Chiropsoides

Scientific classification
- Kingdom: Animalia
- Phylum: Cnidaria
- Class: Cubozoa
- Order: Chirodropida
- Family: Chiropsalmidae
- Genus: Chiropsoides Thiel, 1936
- Species: C. buitendijki
- Binomial name: Chiropsoides buitendijki (van der Horst, 1907)

= Chiropsoides =

- Authority: (van der Horst, 1907)
- Parent authority: Thiel, 1936

Genus of jellyfishes

Chiropsoides is a genus of box jellyfish in the family Chiropsalmidae. It is monotypic, with a single species, Chiropsoides buitendijki. The most distinct species characteristics are the shape of the gastric saccules, the pedalial canals, and the unilateral pedalial branching.

== Anatomy and morphology ==
As members of the phylum Cnidaria, C. buitendijki have flexible, tubule-shaped stinging cells called nematocysts that coil within a capsule structure and can be launched outward to deliver a sting to prey. Many jellyfish of the class Cubozoa have tubules that can be categorized as microbasic, meaning that the tubule is not longer than the capsule and thus does not need to coil up to fit inside. More specifically, C. buitendijki have tubules called mastigophores, meaning "whip-bearing". Most Cubozoans, including C. buitendijki, have p-mastigophores, meaning that the shaft and tubule differ noticeably in girth. This structure is believed to carry most of the venom within the entire nematocyst.

The umbrella-shaped fleshy body of C. buitendijki has a smooth texture, and the species does not present with any nematocyst warts (freckles). The umbrella can reach about 100 cm in diameter in adult specimens, and harbors the typical cuboid shape of other box jellyfish. The species also has six functional eyes.

== Behavior ==
Most studies of C. buitendijki have focused on partial DNA sequencing, anatomical classification, and morphology studies. There is little known about the species’ behavior and community interaction.

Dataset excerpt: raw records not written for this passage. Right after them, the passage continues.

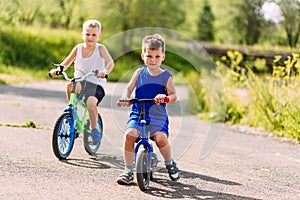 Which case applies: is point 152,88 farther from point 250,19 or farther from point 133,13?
point 250,19

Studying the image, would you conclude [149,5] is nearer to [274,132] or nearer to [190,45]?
[190,45]

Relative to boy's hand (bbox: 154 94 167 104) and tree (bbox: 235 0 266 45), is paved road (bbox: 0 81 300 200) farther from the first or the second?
tree (bbox: 235 0 266 45)

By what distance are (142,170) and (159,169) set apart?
4.19 feet

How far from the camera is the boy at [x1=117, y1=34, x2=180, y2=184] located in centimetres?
546

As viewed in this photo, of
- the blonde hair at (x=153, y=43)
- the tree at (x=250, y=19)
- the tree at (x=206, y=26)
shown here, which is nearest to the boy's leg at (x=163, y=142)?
the blonde hair at (x=153, y=43)

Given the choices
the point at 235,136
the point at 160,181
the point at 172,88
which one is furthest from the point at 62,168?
the point at 235,136

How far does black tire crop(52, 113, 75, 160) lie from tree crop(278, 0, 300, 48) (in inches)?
939

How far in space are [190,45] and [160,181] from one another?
97.0ft

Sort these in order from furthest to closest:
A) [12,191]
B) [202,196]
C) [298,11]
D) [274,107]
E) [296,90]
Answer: [298,11] → [274,107] → [296,90] → [202,196] → [12,191]

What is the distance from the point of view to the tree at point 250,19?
40.7m

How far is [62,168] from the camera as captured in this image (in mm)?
5957

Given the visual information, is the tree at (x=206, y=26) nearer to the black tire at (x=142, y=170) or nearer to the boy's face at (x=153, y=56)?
the boy's face at (x=153, y=56)

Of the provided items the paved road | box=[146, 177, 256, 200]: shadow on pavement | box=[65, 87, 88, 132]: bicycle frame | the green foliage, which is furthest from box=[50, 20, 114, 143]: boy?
the green foliage

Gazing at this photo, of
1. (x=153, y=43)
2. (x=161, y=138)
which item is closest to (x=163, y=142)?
(x=161, y=138) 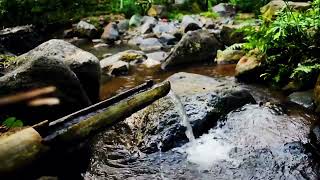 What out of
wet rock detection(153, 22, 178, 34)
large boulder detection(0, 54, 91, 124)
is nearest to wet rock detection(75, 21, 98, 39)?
wet rock detection(153, 22, 178, 34)

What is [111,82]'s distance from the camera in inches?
347

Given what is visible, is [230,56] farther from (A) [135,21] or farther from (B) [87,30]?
(A) [135,21]

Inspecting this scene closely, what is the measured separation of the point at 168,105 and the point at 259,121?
1.45 metres

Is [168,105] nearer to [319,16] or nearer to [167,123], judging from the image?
[167,123]

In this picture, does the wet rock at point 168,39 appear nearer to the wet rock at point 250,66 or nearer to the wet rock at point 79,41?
the wet rock at point 79,41

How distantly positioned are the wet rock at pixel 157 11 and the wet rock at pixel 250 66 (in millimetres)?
11432

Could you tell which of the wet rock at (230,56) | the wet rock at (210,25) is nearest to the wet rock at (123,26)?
the wet rock at (210,25)

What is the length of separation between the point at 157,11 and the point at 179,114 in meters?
14.5

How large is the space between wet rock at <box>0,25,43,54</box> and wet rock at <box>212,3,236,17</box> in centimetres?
949

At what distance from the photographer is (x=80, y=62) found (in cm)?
614


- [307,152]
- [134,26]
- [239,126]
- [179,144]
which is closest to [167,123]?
[179,144]

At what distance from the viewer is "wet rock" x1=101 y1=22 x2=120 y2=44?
15062mm

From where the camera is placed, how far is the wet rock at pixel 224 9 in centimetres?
1889

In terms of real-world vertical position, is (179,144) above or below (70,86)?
below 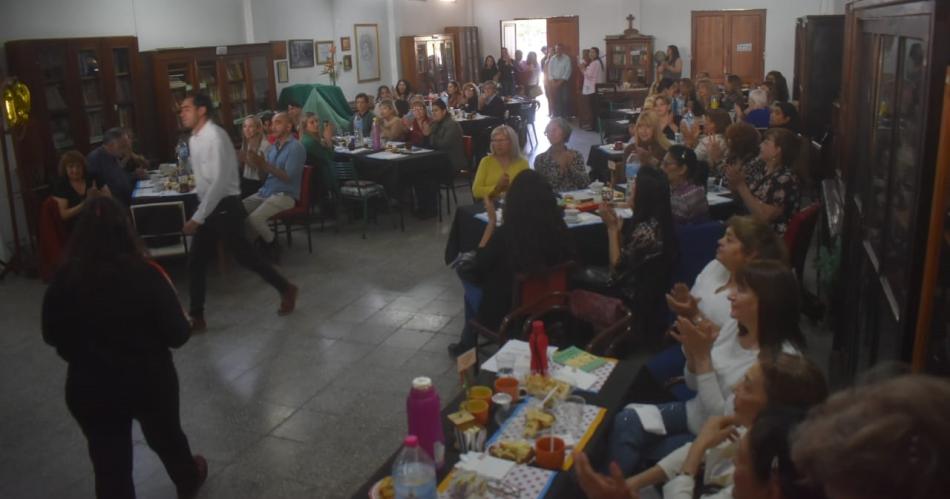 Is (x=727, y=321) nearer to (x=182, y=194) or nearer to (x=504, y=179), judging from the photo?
(x=504, y=179)

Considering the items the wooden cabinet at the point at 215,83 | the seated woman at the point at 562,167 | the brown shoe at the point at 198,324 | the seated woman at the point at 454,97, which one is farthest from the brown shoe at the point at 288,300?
the seated woman at the point at 454,97

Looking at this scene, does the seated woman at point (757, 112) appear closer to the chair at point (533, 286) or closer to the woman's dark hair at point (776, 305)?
the chair at point (533, 286)

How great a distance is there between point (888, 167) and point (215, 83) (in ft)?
30.7

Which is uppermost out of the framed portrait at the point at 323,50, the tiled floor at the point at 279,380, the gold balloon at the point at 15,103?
the framed portrait at the point at 323,50

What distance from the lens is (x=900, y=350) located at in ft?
8.39

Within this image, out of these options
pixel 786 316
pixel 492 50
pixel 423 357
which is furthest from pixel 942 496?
pixel 492 50

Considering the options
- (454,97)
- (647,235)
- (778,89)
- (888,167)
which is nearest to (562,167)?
(647,235)

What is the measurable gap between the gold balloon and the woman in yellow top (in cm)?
421

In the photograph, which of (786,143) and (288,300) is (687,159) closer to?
(786,143)

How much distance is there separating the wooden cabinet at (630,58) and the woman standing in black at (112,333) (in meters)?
14.1

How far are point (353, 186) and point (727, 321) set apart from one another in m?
5.73

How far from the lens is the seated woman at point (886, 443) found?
4.03ft

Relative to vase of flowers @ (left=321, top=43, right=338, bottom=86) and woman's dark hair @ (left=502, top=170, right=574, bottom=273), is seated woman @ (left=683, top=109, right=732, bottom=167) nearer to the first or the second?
woman's dark hair @ (left=502, top=170, right=574, bottom=273)

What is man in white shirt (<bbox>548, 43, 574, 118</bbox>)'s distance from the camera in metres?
16.8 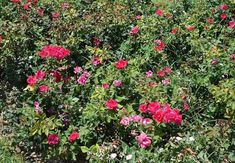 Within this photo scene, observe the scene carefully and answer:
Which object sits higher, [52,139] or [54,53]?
[54,53]

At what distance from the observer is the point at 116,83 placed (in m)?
3.99

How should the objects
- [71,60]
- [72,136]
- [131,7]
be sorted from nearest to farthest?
[72,136] < [71,60] < [131,7]

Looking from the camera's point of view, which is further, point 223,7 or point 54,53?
point 223,7

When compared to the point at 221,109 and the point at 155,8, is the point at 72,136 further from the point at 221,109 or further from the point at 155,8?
the point at 155,8

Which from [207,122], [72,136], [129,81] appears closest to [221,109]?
[207,122]

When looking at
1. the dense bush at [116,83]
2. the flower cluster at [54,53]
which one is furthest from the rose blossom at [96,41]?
the flower cluster at [54,53]

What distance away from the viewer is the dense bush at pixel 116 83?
366cm

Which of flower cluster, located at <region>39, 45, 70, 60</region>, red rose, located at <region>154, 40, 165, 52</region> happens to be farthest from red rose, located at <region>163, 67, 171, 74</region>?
flower cluster, located at <region>39, 45, 70, 60</region>

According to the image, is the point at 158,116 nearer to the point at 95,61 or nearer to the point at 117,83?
the point at 117,83

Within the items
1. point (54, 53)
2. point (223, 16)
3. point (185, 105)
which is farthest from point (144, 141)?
point (223, 16)

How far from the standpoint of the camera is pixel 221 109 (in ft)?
13.4

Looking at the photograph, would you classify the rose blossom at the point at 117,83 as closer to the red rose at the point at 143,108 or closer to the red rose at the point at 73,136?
the red rose at the point at 143,108

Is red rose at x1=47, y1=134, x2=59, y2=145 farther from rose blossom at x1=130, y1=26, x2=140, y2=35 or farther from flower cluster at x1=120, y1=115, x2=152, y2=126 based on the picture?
rose blossom at x1=130, y1=26, x2=140, y2=35

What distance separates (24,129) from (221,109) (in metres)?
1.77
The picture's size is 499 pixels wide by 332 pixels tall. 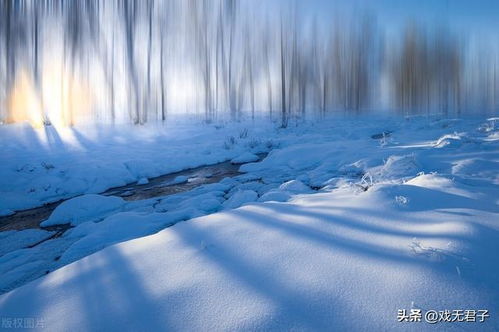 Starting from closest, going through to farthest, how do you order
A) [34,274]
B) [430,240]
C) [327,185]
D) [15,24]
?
[430,240] < [34,274] < [327,185] < [15,24]

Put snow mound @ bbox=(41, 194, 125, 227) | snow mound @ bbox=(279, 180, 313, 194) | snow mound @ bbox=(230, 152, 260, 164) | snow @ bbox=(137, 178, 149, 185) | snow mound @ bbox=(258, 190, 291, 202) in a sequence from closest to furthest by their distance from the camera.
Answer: snow mound @ bbox=(258, 190, 291, 202) → snow mound @ bbox=(41, 194, 125, 227) → snow mound @ bbox=(279, 180, 313, 194) → snow @ bbox=(137, 178, 149, 185) → snow mound @ bbox=(230, 152, 260, 164)

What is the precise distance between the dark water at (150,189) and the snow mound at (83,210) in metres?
0.14

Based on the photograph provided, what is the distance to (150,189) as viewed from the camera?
16.5 feet

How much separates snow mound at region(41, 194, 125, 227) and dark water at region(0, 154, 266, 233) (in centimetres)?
14

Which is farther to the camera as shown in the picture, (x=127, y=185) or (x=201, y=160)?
(x=201, y=160)

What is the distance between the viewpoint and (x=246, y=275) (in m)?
1.15

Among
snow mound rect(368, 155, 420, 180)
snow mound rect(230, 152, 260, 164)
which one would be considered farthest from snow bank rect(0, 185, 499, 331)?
snow mound rect(230, 152, 260, 164)

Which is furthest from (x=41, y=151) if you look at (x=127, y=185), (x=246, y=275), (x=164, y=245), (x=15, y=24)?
(x=246, y=275)

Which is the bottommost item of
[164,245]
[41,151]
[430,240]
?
[164,245]

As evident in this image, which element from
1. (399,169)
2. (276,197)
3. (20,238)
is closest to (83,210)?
(20,238)

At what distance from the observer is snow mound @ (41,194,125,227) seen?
350 centimetres

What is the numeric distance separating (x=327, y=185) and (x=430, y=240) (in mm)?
2648

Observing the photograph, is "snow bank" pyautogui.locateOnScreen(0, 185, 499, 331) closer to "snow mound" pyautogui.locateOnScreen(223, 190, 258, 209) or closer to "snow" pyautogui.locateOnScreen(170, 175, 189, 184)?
"snow mound" pyautogui.locateOnScreen(223, 190, 258, 209)

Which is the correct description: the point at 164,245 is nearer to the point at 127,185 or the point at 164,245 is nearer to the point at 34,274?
the point at 34,274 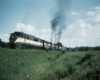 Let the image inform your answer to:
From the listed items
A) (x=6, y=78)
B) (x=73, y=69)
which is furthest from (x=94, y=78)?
(x=6, y=78)

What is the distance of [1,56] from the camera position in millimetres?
9031

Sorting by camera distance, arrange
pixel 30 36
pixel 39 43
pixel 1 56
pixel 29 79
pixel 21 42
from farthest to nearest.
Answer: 1. pixel 39 43
2. pixel 30 36
3. pixel 21 42
4. pixel 1 56
5. pixel 29 79

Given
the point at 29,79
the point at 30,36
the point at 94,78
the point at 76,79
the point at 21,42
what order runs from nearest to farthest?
the point at 94,78
the point at 76,79
the point at 29,79
the point at 21,42
the point at 30,36

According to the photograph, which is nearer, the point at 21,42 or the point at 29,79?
the point at 29,79

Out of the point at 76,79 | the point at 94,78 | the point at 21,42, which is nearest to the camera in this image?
the point at 94,78

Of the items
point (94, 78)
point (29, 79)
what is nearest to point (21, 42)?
point (29, 79)

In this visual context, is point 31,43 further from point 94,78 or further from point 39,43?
point 94,78

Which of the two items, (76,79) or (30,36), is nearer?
(76,79)

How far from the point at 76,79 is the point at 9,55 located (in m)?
9.70

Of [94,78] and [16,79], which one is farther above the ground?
[94,78]

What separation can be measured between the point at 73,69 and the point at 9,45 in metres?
14.5

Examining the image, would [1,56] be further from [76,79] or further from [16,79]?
[76,79]

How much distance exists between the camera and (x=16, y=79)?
249 inches

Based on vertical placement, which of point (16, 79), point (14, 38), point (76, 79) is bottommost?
point (16, 79) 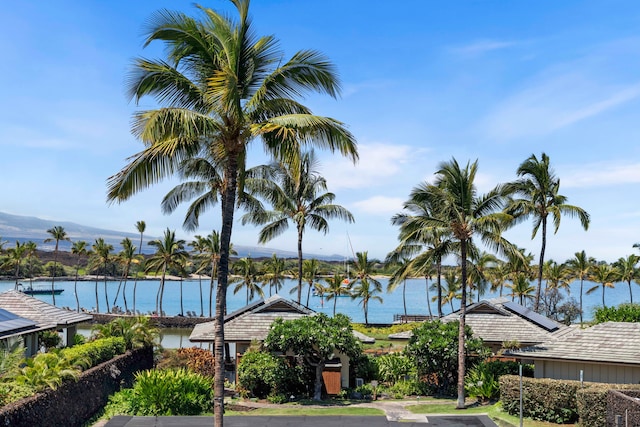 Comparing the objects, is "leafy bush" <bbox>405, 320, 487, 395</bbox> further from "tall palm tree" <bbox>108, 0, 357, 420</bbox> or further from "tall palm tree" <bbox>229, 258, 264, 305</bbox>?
"tall palm tree" <bbox>229, 258, 264, 305</bbox>

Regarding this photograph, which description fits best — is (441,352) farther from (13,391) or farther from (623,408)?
(13,391)

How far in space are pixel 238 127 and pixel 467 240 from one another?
1407cm

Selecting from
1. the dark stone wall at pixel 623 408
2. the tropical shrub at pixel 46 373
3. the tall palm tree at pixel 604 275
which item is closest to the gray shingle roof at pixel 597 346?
the dark stone wall at pixel 623 408

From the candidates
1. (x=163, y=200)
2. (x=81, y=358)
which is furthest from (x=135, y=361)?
(x=163, y=200)

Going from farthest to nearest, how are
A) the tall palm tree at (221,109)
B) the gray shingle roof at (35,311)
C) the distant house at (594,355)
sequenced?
the gray shingle roof at (35,311)
the distant house at (594,355)
the tall palm tree at (221,109)

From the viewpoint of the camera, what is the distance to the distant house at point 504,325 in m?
27.5

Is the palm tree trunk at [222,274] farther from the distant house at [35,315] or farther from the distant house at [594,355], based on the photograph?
the distant house at [35,315]

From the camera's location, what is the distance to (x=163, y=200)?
69.6ft

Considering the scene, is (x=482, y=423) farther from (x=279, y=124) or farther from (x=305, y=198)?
(x=305, y=198)

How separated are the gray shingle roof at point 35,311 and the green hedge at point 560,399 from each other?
18393 millimetres

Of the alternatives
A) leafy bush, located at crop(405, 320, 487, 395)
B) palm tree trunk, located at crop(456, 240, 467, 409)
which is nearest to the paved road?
palm tree trunk, located at crop(456, 240, 467, 409)

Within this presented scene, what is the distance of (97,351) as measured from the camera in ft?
72.3

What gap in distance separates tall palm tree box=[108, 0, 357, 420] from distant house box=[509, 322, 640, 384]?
12.0 meters

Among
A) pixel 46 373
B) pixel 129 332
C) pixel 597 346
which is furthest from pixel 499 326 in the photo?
pixel 46 373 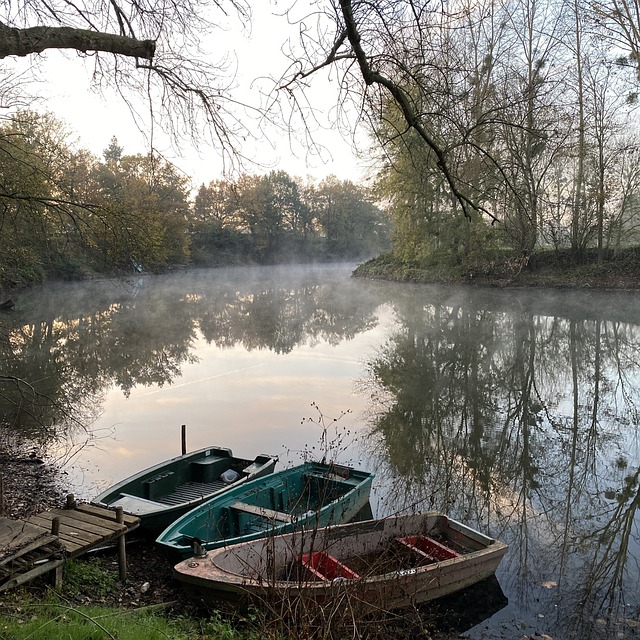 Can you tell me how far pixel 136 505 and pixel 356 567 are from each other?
Answer: 2.50 metres

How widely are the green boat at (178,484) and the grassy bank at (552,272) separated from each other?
19234mm

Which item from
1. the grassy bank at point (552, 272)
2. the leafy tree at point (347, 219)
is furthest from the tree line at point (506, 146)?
the leafy tree at point (347, 219)

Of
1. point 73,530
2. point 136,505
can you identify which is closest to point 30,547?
point 73,530

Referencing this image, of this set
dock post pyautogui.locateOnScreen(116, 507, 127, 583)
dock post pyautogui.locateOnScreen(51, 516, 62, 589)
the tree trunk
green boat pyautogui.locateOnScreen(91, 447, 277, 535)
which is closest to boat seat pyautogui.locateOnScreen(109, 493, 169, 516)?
green boat pyautogui.locateOnScreen(91, 447, 277, 535)

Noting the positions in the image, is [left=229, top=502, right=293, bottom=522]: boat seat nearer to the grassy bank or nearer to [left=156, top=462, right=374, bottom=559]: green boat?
[left=156, top=462, right=374, bottom=559]: green boat

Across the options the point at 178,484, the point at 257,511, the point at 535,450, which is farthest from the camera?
the point at 535,450

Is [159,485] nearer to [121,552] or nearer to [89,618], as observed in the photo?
[121,552]

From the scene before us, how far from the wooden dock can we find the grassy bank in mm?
21584

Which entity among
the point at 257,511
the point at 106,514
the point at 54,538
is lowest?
the point at 257,511

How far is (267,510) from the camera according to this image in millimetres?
6430

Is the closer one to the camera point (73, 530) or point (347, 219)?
point (73, 530)

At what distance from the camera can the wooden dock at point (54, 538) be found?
4504 millimetres

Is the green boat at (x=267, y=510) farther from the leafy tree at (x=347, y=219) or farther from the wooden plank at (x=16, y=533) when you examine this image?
the leafy tree at (x=347, y=219)

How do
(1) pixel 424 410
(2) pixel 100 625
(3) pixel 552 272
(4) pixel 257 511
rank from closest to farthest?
(2) pixel 100 625
(4) pixel 257 511
(1) pixel 424 410
(3) pixel 552 272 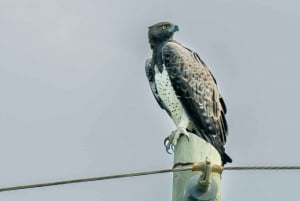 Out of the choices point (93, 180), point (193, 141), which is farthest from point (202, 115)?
point (93, 180)

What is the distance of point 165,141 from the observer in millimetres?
8469

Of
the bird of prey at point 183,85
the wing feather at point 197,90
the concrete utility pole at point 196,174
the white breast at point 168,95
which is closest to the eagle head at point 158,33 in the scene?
the bird of prey at point 183,85

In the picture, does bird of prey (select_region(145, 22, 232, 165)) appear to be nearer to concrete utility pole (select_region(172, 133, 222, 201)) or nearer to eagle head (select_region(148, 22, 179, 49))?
eagle head (select_region(148, 22, 179, 49))

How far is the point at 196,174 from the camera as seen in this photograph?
5.62 metres

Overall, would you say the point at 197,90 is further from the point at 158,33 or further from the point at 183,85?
the point at 158,33

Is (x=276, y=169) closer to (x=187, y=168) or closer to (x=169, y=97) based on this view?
(x=187, y=168)

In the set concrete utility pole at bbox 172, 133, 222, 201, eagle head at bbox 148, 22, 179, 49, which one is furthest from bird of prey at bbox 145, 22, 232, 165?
concrete utility pole at bbox 172, 133, 222, 201

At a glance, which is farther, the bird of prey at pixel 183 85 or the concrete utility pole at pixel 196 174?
the bird of prey at pixel 183 85

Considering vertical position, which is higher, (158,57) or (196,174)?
(158,57)

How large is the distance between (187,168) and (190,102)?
202 inches

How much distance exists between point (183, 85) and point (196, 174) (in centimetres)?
583

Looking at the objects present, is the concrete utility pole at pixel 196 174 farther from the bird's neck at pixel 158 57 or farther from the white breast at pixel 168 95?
the bird's neck at pixel 158 57

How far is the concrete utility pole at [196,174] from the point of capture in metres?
5.39

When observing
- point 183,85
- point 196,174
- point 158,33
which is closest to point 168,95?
point 183,85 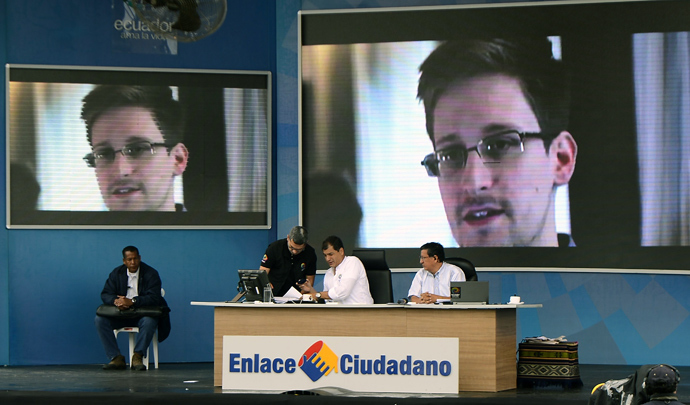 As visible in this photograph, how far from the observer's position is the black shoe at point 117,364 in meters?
8.20

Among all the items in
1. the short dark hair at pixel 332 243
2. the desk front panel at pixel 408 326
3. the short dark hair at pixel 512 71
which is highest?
the short dark hair at pixel 512 71

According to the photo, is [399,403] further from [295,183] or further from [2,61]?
[2,61]

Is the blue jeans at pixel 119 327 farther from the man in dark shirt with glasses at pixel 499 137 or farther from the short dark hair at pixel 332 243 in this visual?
the man in dark shirt with glasses at pixel 499 137

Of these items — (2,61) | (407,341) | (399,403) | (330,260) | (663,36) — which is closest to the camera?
(399,403)

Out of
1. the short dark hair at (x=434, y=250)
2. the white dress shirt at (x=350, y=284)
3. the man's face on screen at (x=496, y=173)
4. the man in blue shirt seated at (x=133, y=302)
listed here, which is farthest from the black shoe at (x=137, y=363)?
the man's face on screen at (x=496, y=173)

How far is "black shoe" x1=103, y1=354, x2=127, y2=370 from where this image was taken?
26.9 ft

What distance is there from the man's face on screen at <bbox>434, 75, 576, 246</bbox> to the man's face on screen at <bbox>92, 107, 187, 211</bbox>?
9.32 ft

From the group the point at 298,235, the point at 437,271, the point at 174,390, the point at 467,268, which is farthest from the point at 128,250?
the point at 467,268

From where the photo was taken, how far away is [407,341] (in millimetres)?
6316

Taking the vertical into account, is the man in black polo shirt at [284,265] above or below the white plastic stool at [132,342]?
above

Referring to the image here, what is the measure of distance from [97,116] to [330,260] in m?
3.29

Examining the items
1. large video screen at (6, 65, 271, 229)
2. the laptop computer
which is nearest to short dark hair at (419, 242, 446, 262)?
the laptop computer

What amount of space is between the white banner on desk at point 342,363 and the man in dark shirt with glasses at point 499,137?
2.51 meters

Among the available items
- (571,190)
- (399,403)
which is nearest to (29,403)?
(399,403) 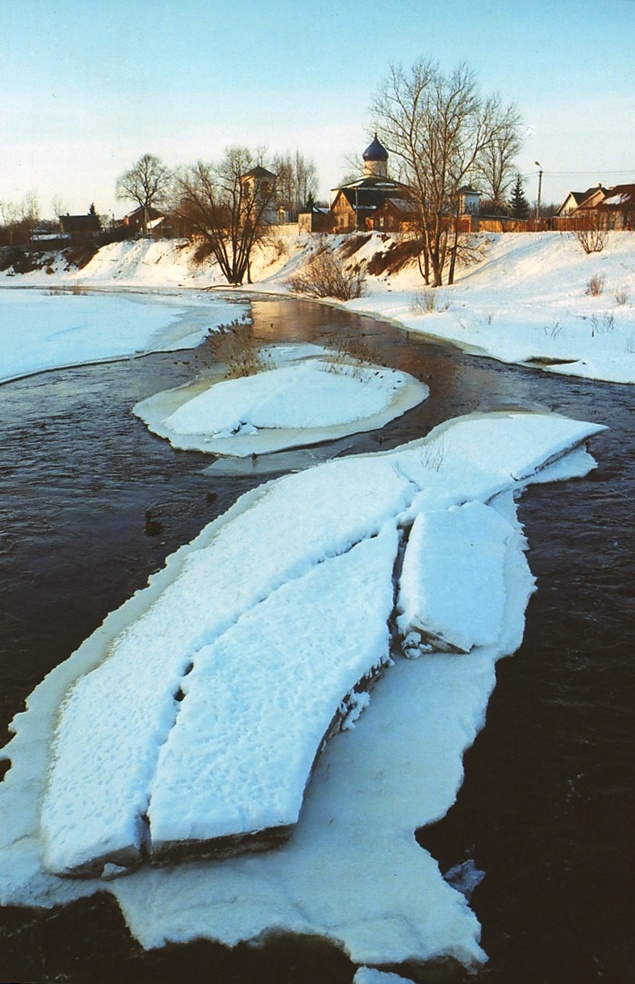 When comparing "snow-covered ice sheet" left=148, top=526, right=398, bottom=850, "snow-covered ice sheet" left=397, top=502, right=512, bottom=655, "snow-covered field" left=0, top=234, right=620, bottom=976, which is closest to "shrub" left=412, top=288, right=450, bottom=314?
"snow-covered field" left=0, top=234, right=620, bottom=976

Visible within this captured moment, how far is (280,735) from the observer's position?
15.4 feet

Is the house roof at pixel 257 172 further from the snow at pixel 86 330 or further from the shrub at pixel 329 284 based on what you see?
the snow at pixel 86 330

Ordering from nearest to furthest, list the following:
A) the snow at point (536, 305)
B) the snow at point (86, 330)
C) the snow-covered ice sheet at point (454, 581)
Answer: the snow-covered ice sheet at point (454, 581)
the snow at point (536, 305)
the snow at point (86, 330)

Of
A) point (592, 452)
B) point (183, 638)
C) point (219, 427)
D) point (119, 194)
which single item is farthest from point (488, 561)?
point (119, 194)

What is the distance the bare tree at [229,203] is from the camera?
51.8 metres

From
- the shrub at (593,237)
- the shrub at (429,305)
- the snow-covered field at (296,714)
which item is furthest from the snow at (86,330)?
the shrub at (593,237)

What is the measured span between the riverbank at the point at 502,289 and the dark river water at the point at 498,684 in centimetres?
671

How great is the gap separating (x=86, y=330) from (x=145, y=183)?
7534 centimetres

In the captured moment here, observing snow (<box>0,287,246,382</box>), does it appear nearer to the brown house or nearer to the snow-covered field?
the snow-covered field

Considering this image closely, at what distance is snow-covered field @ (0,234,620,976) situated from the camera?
3.82 m

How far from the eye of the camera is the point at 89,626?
6461 mm

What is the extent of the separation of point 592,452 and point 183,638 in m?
7.99

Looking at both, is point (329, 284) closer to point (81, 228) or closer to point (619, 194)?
point (619, 194)

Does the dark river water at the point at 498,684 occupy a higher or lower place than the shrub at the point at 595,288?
lower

Chiropsoides buitendijki has potent venom that can harm human skin. Several cases of human injury have been reported off the southern coast of Malaysia. The sting marks left by the species are very distinctive because of the unique shape of their nematocysts. Species identification is therefore important in treating jellyfish stings.

== Classification ==
The similar species Chiropsoides quadrigatus may be the same species as C. buitendijki; this has been debated since some of the "distinct" features of C. quadrigatus too closely resemble those same "distinct" features found in C. buitendijki. Distinctive features are what identify a species as their own unique taxonomic group. If the features that distinguish each of these species are the same, then it is possible they are in fact one species. More sampling and necropsies are needed to make a clearer distinction.

== Habitat ==
Chiropsoides buitendijki have been recorded in the Indo-Pacific, specifically sighted in India, Malaysia, and Indochina. They live in mangrove forests and other coastal ecosystems. A few sightings of the species have also been reported in the Philippines and Australia. The species closely resembles other species of box jelly, and its habitats have been found to coexist with other Chirodropidae, such as Chironex yamaguchii and Chironex fleckeri; it is quite possible that sightings in Australia and the Philippines have been misidentifications. The range of the species could also be an underestimation due to undersampling and a lack of scientific study of the species.

== Threats ==
Chiropsoides buitendijki have been shown to experience blooms in coastal upwelling regions, especially after monsoon season when the nutrients in the water are well mixed and distributed. However, these blooms in the Indian Ocean bring large numbers of jellyfish to coastal waters, where they are susceptible to bycatch from large fishing vessels. The jellyfish are not typically eaten, so a majority of catch is discarded on board.